Александр Генис: Он конкурировал с Бетховеным.
Соломон Волков: И как вы думаете, что он прочел о себе в газете ''Биржевые ведомости''? Влиятельный критик Цезарь Кюи написал следующее, и эти слова вошли в историю русской музыки: ''Консерваторский композитор господин Чайковский совсем слаб''. Должен сказать, что нервного Чайковского это повергло в отчаяние. Но еще в большее отчаяние его повергло другое обстоятельство, причины которого стали понятны сравнительно недавно. А именно. Оказывается, что Чайковского очень удручало очень сдержанное отношение к нему того самого Антона Рубинштейна, основателя и руководителя Консерватории, о котором мы уже говорили. Чайковский писал, что Рубинштейн ''приветлив и ласков со мной, но всегда умел выразить мне, что ни в грош меня не ставит''. И скажу, что брат Петра Ильича Модест в своей автобиографии, которая до сих пор еще не издана в России по причине того, что там идет речь о гомосексуальной ориентации и самого Модеста, и Петра Ильича, говорит о том, что на самом-то деле Чайковский был влюблен, хотя и платонически, в Рубинштейна, потому что Рубинштейн был для Чайковского неким олицетворением аристократической мощи и благородства. А Рубинштейн считал, что самый главный русский композитор это он сам, ко всем остальным русским авторам относился достаточно скептически, очень сдержанно отозвался об этом самой кантате, и, вообще, о перспективах Чайковского. Только в 1889 году, в конце концов, Рубинштейн признал, что самым гениальным из выпускников Консерватории был Чайковский, и то он тогда добавил, что он уже достиг своего апогея и дальше не пойдет, в то время как у Чайковского впереди была еще и ''Спящая красавица'', и ''Пиковая дама''. Даже здесь он оказаться неправым. Но это была его поза такого музыкального лидера и властителя дум, который научил себя с детства сдержанно относиться к окружающим и это показывать, если это не какие-то титанические фигуры вроде Бетховена.
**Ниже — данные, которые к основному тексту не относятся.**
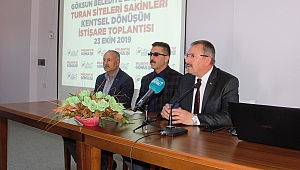 GÖKSUN’DA 6 MAHALLEDE 551 KONUTTA KENTSEL DÖNÜŞÜM YAPILACAK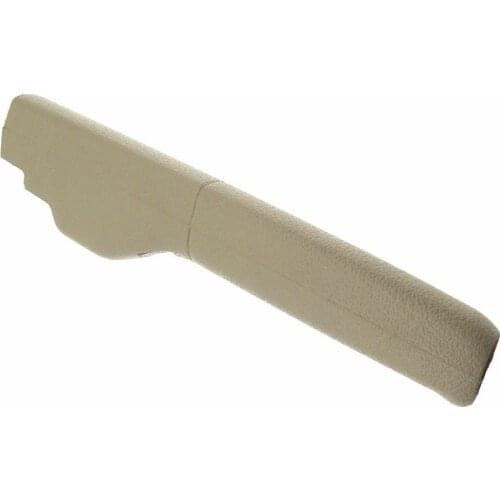 Qty 1 Beige Manual Parking Hand Brake Grip Trim For Jetta Golf MK5 Rabbit Eos Scirocco 1K0711461 1K0 711 461
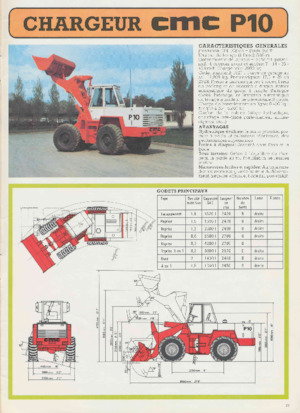 Wheel Loaders CMC P10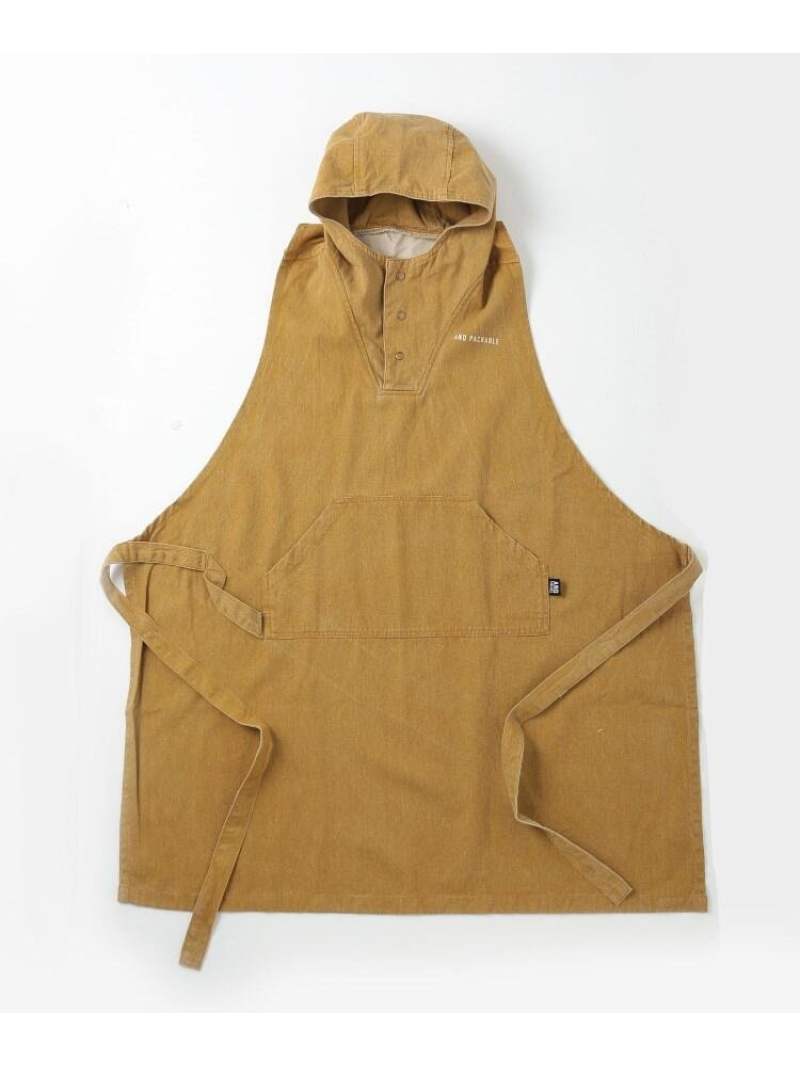 212 KITCHEN STORE AND PACKABLE (アンドパッカブル) APパーカー アノラック エプロン ベージュ トゥーワントゥーキッチンストア 食器・調理器具・キッチン用品 その他の食器・調理器具・キッチン用品 ベージュのサムネイル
Александр Генис: А как Чайковский оказался в Америке?
Соломон Волков: Это знаменитая история и я должен сказать, что Чайковский, конечно, главный национальный композитор России, публика любит Чайковского, а не Мусоргского, которого я ставлю вровень с Чайковским, как минимум. Но Чайковский оказался национальным композитором и в США - здесь в День независимости 4 июля играют ни что иное как увертюру Чайковского ''1812 год'', палят из пушек при этом и пускают ракеты в небо.
Александр Генис: Однажды 4 июля, в День независимости, я был в Вест-Поинте, где находится знаменитая Военная академия и, по-моему, лучший в мире военный музей. Это историческое мемориальное место. И там есть одна маленькая, но работающая пушка, которую держат только для одной цели - из нее стреляют, когда исполняют увертюру ''1812 год''. Я сам видел как эта пушка палит в праздничный день.
Соломон Волков: А на другой важнейший праздник — Рождество - во всех супермаркетах, во всех лифтах, отовсюду несутся звуки ''Щелкунчика''.
А началось все с того, что Чайковского пригласили в 1891 году на открытие Карнеги-Холл. Он приехал, дирижировал, ему здесь очень понравилось, он писал об этом: ''Я здесь персона гораздо более, чем в России. Не правда, ли как это курьезно?''. Даже Чайковского это удивило. Ему очень понравился американский образ жизни, комфорт, то, что в гостинице, где он остановился — электричество, уборная с ватерклозетом, умывальником и ванной, телефон. Всех этих удобств в Европе, не говоря о России, тогда не было. Также ему понравились американская деловитость и размах. Короче говоря, он уехал с самыми лучшими воспоминаниями, а одним из произведений, которые тогда были исполнены в Карнеги-Холл, был его легендарный Первый фортепьянный концерт, и мы сейчас услышим фрагмент из него в исполнении американского пианиста Вана Клиберна, дирижирует Кирилл Кондрашин лейбл ''RCA''.